Nous allons passer en revue des propos tenus publiquement sur des questions hautement sensibles dans le contexte climatique et la crise écologique qui l’accompagne dans des médias de masse, au nom d’une expertise scientifique qui doit évidement être un gage de confiance pour le public. Et le problème, nous allons le voir, est que cette confiance est abusée et que le public est amené à ne plus savoir à qui accorder sa confiance sa confiance. Ce que j’appelle le chaos épistémique ainsi généré est un danger très grave puisque nous allons au-devant de crises au cours desquelles il sera littéralement vital de savoir distinguer une parole scientifique d’une baliverne.
Mai 2022 — Le pompage des nappes renforcerait l’effet de serre ?
En mai 2022, Thinkerview lui consacre un entretien de plus de deux heures intitulé Crise de l’eau, planète Terre invivable ? Emma Haziza y explique que l’eau pompée dans les nappes finit dans l’atmosphère, accroît la quantité de vapeur d’eau et renforce ainsi l’effet de serre. Elle insiste : selon elle, le rôle climatique de ce pompage aurait été négligé.
- Citation à partir de 32 min 40 s : https://www.youtube.com/live/5ysUySSNW3M?si=Z8vNq5h633t-iinc&t=2030
Prenant une mine complotiste, elle suggère que le CO2 n’est « que l’arbre qui cache la forêt du cycle de l’eau ». En clair les climatologues n’y connaissent rien. Le format de Thinkerview lui laisse développer cette thèse sans contradicteur compétent. La vidéo cumule plus d’un million de vues.

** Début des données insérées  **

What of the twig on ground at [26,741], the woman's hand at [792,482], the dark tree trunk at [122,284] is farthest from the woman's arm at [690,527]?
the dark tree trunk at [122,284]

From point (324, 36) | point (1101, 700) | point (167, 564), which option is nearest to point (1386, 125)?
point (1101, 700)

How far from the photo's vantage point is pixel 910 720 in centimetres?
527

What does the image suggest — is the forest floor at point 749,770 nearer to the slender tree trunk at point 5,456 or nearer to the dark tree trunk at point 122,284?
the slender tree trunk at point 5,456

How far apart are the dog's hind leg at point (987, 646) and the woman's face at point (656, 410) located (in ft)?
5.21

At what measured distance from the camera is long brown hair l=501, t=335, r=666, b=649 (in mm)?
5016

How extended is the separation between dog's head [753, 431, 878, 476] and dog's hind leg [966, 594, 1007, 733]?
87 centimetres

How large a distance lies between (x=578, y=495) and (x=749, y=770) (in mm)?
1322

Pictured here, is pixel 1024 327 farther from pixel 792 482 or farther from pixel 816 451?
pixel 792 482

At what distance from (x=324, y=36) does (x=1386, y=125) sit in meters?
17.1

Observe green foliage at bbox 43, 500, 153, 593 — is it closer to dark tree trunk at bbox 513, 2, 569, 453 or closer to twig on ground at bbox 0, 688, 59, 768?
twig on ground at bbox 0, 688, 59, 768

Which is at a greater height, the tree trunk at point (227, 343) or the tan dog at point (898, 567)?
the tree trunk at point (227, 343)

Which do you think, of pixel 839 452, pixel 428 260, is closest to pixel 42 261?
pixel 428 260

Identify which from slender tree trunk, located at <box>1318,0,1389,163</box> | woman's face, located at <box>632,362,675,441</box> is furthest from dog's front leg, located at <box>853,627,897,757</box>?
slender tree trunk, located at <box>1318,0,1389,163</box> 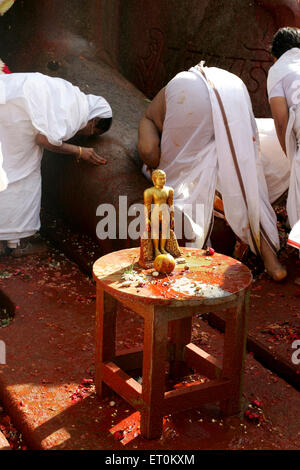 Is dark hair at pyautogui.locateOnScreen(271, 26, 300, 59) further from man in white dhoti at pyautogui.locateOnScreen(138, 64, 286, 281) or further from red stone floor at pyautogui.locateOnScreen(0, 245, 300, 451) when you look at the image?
red stone floor at pyautogui.locateOnScreen(0, 245, 300, 451)

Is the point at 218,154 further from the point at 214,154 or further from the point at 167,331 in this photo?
the point at 167,331

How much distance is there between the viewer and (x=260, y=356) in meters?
3.17

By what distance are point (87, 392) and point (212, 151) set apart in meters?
2.02

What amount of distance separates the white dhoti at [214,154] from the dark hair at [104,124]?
59 centimetres

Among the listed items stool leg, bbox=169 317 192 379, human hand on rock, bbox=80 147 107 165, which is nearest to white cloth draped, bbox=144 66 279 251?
human hand on rock, bbox=80 147 107 165

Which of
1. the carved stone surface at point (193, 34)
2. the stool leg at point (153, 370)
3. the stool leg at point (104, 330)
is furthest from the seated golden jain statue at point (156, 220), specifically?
the carved stone surface at point (193, 34)

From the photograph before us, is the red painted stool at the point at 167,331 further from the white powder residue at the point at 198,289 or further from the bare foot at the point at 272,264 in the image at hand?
the bare foot at the point at 272,264

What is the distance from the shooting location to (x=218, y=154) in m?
4.02

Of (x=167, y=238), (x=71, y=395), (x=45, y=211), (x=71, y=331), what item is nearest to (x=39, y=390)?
(x=71, y=395)

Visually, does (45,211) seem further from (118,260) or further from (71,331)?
(118,260)

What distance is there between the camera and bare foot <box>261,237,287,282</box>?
3986 millimetres

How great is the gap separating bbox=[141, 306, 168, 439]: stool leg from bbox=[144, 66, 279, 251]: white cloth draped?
5.70 ft

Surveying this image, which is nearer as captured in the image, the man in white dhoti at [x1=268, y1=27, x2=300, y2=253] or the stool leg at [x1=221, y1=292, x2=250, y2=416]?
the stool leg at [x1=221, y1=292, x2=250, y2=416]

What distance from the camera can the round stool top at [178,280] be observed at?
2.27 m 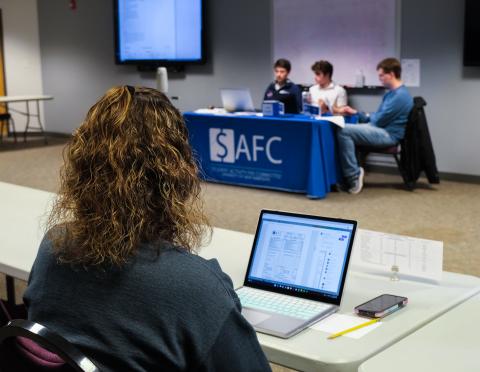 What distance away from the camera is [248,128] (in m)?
6.52

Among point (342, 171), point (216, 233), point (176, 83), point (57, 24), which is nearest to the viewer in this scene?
point (216, 233)

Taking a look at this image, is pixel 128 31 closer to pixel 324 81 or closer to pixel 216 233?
pixel 324 81

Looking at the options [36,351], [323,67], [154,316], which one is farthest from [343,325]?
[323,67]

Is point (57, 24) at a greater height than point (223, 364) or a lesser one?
greater

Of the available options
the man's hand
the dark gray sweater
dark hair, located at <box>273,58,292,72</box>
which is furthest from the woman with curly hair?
dark hair, located at <box>273,58,292,72</box>

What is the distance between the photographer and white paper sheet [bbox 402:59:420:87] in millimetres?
7082

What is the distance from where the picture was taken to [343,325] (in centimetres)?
166

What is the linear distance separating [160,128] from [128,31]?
849 centimetres

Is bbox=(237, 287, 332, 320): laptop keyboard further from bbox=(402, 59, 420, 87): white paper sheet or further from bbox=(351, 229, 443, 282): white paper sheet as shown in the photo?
bbox=(402, 59, 420, 87): white paper sheet

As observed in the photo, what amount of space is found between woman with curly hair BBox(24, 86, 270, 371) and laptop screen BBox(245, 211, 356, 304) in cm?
52

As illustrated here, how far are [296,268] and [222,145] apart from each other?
498cm

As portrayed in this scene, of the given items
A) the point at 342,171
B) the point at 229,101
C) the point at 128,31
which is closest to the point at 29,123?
the point at 128,31

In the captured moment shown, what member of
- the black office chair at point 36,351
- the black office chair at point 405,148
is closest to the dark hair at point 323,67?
the black office chair at point 405,148

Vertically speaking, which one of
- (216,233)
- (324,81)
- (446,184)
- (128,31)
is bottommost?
(446,184)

Le politologue belge François Gemenne, auteur d’un rapport du GIEC, spécialiste des migrations environnementales et de la gouvernance du climat, réagit sur X : « Bon, suite à d’autres alertes de collègues, je me suis décidé à regarder l’extrait en question. Honnêtement je suis tombé de ma chaise : on frise le délire complotiste. Il y a plein d’éléments qui sont factuellement faux. Ça mériterait clarification. »
Le chercheur physicien et climatologue François-Marie Bréon réagit également :
« Je l’ai souvent prise en flagrant délit de raconter n’importe quoi. Par exemple, dans son interview sur @Thinker_view, sa description de l’effet de serre est complètement fausse Génant pour une spécialiste du changement climatique. Il y a plus grave, elle affirme (à 29:15) que l’eau représente 95% des gaz à effet de serre sur la terre, alors que le CO2 ne contribuerait que pour 4% . Pas clair où elle est allée chercher cela.

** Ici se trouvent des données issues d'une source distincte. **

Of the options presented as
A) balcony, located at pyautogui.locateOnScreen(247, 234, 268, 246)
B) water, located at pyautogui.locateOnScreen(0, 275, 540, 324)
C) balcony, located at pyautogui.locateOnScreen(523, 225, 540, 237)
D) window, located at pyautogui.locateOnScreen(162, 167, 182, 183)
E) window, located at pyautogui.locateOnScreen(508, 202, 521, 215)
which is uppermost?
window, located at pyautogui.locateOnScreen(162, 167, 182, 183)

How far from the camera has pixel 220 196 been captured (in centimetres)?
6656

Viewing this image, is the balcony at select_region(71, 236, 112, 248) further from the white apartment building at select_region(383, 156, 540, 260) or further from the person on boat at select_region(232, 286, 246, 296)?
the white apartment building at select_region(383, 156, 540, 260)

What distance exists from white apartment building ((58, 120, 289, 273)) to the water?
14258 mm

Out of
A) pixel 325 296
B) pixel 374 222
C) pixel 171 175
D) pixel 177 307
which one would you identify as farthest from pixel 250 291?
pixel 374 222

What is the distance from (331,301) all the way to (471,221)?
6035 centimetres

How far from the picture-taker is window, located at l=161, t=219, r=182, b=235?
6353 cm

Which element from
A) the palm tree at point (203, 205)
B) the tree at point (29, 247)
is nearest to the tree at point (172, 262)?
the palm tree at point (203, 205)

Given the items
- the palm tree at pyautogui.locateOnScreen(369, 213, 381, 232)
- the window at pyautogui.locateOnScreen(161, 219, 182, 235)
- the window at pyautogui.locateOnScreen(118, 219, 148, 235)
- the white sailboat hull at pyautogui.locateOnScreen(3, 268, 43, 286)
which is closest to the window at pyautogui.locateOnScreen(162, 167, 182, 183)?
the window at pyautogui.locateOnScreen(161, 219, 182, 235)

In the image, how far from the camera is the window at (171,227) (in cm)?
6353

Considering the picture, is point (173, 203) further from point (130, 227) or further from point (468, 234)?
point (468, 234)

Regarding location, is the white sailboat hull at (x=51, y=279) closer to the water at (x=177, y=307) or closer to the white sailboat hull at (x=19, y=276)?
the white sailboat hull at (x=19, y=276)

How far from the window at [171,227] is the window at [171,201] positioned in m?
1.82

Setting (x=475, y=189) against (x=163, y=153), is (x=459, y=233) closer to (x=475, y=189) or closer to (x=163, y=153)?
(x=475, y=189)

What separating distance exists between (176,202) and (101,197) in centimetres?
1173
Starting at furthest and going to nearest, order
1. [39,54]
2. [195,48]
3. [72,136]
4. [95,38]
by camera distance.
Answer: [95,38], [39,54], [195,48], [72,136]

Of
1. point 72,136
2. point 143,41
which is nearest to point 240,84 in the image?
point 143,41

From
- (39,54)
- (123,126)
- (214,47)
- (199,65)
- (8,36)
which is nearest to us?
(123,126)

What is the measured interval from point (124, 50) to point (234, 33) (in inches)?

(…) Elle explique ensuite qu’on exploite les nappes phréatiques, que l’eau se retrouve dans les océans, et contribue 30% à la montée du niveau des mers. Elle dit bien « à vérifier », mais je trouve gênant qu’une hydrologue spécialiste du CC puisse donner un chiffre aussi faux.
Pour des détails, cf chapitre 9.6, et table 9.5 sur : https://www.ipcc.ch/report/ar6/wg1/downloads/report/IPCC_AR6_WGI_Chapter09.pdf
Mais SURTOUT elle raconte n’importe quoi sur le cycle de l’eau en expliquant que le fait de pomper les nappes fossiles conduit à augmenter la vapeur d’eau dans l’atmosphère et à augmenter l’effet de serre.»

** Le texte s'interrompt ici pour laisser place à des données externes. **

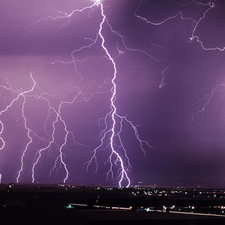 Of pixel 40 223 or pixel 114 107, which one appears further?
pixel 114 107

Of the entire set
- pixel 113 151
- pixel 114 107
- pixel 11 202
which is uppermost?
pixel 114 107

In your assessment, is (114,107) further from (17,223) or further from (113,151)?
(17,223)

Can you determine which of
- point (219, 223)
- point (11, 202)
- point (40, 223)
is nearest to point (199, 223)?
point (219, 223)

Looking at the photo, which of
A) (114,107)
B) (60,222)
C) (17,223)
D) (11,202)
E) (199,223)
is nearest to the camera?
(17,223)

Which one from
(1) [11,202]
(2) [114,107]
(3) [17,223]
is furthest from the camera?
(2) [114,107]

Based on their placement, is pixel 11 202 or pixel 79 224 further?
pixel 11 202

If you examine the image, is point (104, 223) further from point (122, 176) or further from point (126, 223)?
point (122, 176)

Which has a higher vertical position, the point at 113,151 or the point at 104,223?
the point at 113,151

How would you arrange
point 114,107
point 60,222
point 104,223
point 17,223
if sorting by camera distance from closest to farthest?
point 17,223, point 60,222, point 104,223, point 114,107

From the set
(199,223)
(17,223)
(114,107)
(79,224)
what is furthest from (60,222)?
(114,107) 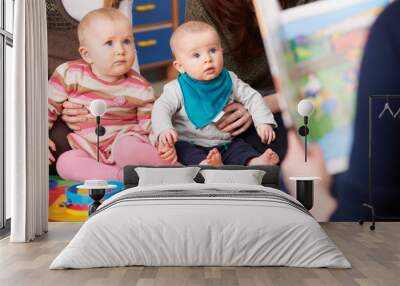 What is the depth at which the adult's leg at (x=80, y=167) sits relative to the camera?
25.8ft

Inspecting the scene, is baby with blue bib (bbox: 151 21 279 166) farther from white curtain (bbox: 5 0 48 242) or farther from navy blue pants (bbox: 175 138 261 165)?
white curtain (bbox: 5 0 48 242)

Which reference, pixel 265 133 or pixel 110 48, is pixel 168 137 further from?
pixel 110 48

Lucas Planavergne et Jean-Loup Adénor, dans le journal Mariane relatent : « Les questions que pose l’arrivée controversée de l’hydrologue Emma Haziza à franceinfo »
Daniel Schneiderman d’Arrêt sur Image revient sur ces propos et raconte un échange téléphonique avec Emma Haziza :
« « Peut-être que j’ai tout faux. C’est quelque chose que je perçois », répète Haziza. Une simple intuition, alors, ce rôle déterminant des vapeurs anthropiques ? « Bien sûr, ce n’est à ce stade qu’une intuition. » Peut-on, perçue comme scientifique, intervenir dans l’espace public sur le dérèglement climatique en avançant des « questions », des intuitions de franc-tireuse, des « perceptions » non encore validées par les pairs, en multipliant les « je peux me tromper, mais » ? Je lui dis que je pense personnellement que non. « Je suis d’accord », répond-elle. Un peu tard ?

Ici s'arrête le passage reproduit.